HEADQUARTERS FIRST BRIGADE, FIRST DIVISION,
Pittsburg, Tenn., April 8, 1862.
SIR: I have the honor to report the part taken by the First Brigade of the First Division in the engagement with the enemy on the 6th instant.
Early in the morning of the 6th, upon the alarm being given, the brigade, composed of the Eighth and Eighteenth Regiments Illinois Infantry, the Eleventh and Thirteenth Regiments Iowa Infantry, and Dresser's battery, were formed in the open field in front of their respective encampments. I received orders about 8 o’clock a.m. to move three regiments to the left of the Second Brigade. The Eighth and Eighteenth Illinois and Thirteenth Iowa were accordingly ordered to form in line of battle in that position, and moving in double-quick formed in good order in a skirt of woods bordering on a field, the Eighteenth Illinois on the left and the Thirteenth Iowa on the right. At the same time I was ordered to form a regiment on the right of the Second Brigade, which position, by my orders, the Eleventh Iowa, under command of Lieutenant-Colonel Hall, immediately took, and, with a battery, formed a reserve for the time being. After seeing the order executed I joined the three regiments at their position on the left, as above stated. Upon arriving at that point I found this portion of my brigade there formed under the fire of the enemy's cannon and musketry. On the right was a battery of our guns, supported by infantry still on its right. Against this battery the principal fire of the enemy was directed, and large bodies of infantry were moving around the field in its direction. A charge being made by these bodies of the enemy's infantry, directed upon the battery and our infantry on the right, they broke and retired in great disorder. Seeing the enemy approaching in great numbers, and our troops on the right having given way, my regiments also broke and retired in confusion.
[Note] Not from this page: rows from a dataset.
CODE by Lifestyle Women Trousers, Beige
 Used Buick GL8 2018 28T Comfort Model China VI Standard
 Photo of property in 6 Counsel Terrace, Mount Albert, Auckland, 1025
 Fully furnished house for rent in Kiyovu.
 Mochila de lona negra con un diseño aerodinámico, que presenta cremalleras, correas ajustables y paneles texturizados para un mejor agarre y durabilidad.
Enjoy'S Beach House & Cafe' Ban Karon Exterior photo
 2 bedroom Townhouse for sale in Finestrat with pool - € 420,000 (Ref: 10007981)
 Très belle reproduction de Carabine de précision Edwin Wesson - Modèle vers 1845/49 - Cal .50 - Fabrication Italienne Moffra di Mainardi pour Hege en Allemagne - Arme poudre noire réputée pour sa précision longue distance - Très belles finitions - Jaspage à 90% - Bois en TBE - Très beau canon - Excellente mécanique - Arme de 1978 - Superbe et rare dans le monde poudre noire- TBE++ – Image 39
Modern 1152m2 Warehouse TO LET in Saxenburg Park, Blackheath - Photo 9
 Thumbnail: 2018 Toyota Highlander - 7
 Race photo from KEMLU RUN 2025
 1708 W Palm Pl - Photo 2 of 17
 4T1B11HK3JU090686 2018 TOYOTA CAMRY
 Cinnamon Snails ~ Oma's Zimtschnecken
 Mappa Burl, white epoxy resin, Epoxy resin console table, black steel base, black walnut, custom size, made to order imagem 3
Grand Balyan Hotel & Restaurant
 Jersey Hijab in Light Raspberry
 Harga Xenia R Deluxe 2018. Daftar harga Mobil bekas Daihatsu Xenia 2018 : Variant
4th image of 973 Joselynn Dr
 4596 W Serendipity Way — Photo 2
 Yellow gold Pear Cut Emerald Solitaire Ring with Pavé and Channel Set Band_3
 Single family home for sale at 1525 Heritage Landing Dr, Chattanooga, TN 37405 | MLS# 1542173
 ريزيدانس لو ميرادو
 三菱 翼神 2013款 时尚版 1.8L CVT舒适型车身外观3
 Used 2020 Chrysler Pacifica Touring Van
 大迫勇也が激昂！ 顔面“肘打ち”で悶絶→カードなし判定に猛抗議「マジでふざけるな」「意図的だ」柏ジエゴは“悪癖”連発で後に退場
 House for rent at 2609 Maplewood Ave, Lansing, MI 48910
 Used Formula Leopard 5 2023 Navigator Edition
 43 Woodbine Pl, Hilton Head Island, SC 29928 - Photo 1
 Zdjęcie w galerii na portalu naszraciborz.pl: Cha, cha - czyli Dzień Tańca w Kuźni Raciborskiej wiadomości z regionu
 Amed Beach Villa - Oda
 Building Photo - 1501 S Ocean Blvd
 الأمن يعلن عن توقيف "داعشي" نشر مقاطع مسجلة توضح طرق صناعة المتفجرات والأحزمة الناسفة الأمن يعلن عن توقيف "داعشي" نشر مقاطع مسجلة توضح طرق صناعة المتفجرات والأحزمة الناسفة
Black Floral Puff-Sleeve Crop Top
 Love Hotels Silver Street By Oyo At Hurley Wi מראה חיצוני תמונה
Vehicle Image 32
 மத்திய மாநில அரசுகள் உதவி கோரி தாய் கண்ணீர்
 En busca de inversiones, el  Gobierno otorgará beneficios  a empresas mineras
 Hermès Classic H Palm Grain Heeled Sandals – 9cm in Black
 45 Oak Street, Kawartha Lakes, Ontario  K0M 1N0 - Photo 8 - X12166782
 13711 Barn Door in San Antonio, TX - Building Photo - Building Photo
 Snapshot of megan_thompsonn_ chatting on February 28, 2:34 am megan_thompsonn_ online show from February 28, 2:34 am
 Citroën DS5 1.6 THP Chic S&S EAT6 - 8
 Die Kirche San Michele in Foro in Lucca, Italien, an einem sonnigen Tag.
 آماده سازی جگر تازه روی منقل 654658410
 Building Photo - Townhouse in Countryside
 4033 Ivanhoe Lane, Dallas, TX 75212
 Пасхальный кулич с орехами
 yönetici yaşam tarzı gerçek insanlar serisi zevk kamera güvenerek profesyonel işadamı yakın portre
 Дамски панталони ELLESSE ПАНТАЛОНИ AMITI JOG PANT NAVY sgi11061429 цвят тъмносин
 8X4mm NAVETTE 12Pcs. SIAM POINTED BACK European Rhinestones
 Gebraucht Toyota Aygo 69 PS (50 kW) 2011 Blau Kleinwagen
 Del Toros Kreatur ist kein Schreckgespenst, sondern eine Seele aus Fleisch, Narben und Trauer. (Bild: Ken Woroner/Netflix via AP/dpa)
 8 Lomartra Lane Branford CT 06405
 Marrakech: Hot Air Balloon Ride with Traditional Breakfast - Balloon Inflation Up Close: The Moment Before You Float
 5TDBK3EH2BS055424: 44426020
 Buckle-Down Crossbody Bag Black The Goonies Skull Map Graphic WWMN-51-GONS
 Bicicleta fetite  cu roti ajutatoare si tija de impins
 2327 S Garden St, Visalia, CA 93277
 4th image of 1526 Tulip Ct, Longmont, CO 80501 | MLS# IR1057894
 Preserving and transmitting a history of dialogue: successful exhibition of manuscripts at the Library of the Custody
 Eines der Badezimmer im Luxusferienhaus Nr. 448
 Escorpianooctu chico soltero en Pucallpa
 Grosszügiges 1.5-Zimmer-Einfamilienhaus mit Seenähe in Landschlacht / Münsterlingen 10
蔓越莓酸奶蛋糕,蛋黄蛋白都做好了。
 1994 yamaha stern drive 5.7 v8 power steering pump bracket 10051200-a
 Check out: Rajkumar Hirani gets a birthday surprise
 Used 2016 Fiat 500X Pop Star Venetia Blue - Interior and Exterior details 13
Having retired to the distance of about 100 yards I succeeded, with the assistance of the field officers of my regiments, in rallying them and forming them in line in the same order as before. Here we maintained our position in good order, under a constant fire of the enemy, until 12 o’clock m., when, discovering that the enemy were approaching in great numbers, and that our troops on the right and left had retired, I ordered my regiments to retire and take up a new position about 200 yards to rear, which they did in good order and without confusion. We remained in this position, repelling charge after charge of the enemy, until 4.30 o'clock p.m., all the officers and men behaving with the greatest gallantry. At that hour, my regiments having exhausted their ammunition and great numbers of them having been killed and wounded and the forces on my fight and left having retired, I again ordered them to fall back, which was done in good order as before. At this time I received a severe wound in the hand and arm, which compelled me to retire from the field.
Dresser's battery and my own regiment, the Eleventh Iowa, I did not see after they took their position in the morning, but I am satisfied that they behaved with great gallantry, and their reports, herewith submitted, fully attest the bravery with which they acted.
To Lieut. Col. William Hall, who commanded the Eleventh Iowa, great praise is due for the bravery and skill shown by him on the field of action. Major Abercrombie, of the Eleventh Iowa, who was wounded severely during the early part of the engagement, displayed that coolness and bravery which characterize a good soldier.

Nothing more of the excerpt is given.